Last week, I got into a discussion with my fellow copyeditor about English as a second language (ESL). Sort of. We were discussing the number of staff writers and contributors that we have who speak and write English as a second (or third, or fifth) language. The general consensus of our conversation was: “They really are the best. Seriously.” I know, pretty lackluster for people who deal with words for a living. Don’t judge. Anyway, I can’t remember the reason we even got started talking about it in the first place, but it basically boils down to the fact that I’m in complete awe of people who don’t speak English as their primary language who write for a primarily English-speaking magazine.
English is hard, y’all. It only sort of makes sense in the best-case scenarios, and is a holy mess the rest of the time. We shouldn’t even bother having spelling and grammar rules, because there are so many exceptions that the rules are pretty much pointless. There is absolutely no consistency whatsoever, and, unlike almost every other language, you can’t obtain proficiency by simply memorizing the rules of grammar; instead, you have to memorize every single stupid quirk and idiosyncrasy of the language. I can’t imagine how anyone could possibly do that. And yet, so many do.
I fully acknowledge the linguistic privilege that comes from growing up in an English-speaking household, raised by two teachers who were responsible, at least partially, for making sure their students (and their children) had a mastery of the language. I’m also incredibly lucky to have gone to college, where I essentially majored in words. I studied words and sentences and works of literature intensively. And, frankly, I think people who learned English as a second language worked much harder than I ever did.
When I first started editing for Persephone, I came across a few articles that kind of stood out at me. The syntax and construction was just a little off. I’d seen this before when I was editing academic papers, usually when people were writing about things outside of their main disciplines. And then someone mentioned that this writer or that does not speak English as their primary language. And suddenly, all of the pieces fell into place. Their syntax looked off to me because it was logical. Their writing followed specifically set rules as to where words go in a sentence, how prefixes and suffixes are used, and how sentences are assembled. Of course it looked strange to me. English doesn’t follow any of those rules, not consistently, at least. What is even more interesting to me is that once I know a writer’s primary language, I can deconstruct and reconstruct their sentences pretty easily. Most languages have their own flow, certain “tells” that indicate when a native speaker is writing in a language other than their primary one. But the fact that anyone who learned English after first being fluent or proficient in another language can write an article fit for publication and easily read, understood, and discussed is absolutely astounding to me.
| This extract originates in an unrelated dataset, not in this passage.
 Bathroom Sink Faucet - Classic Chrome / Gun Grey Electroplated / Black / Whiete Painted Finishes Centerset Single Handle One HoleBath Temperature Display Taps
And I can’t even begin to tell you how impressed I am with our writers who are non-native English-speakers. Not to mention our commenters. I see comments sometimes, not just here, but other places, in which people apologize for their writing, explaining that English isn’t their first language. And I just wish I could convey, in this complicated and ridiculous mess of words that is the English language, just how incredible I find it. Learning another language, any language, is difficult, but English is its own particular brand of messy, and anyone who is willing to try to tackle that, and then share their efforts with others, has nothing but my complete respect.
So I never want to hear or read anyone apologizing for their imperfect English. I guarantee that even with a lifetime of study, I could never be as proficient in another language as so many non-native speakers are in English. So say what’s on your mind, write out what you have to say, and don’t apologize. If anyone has a problem with whatever tiny technical errors you might make, you just tell ’em to talk to the Grammar Bitch.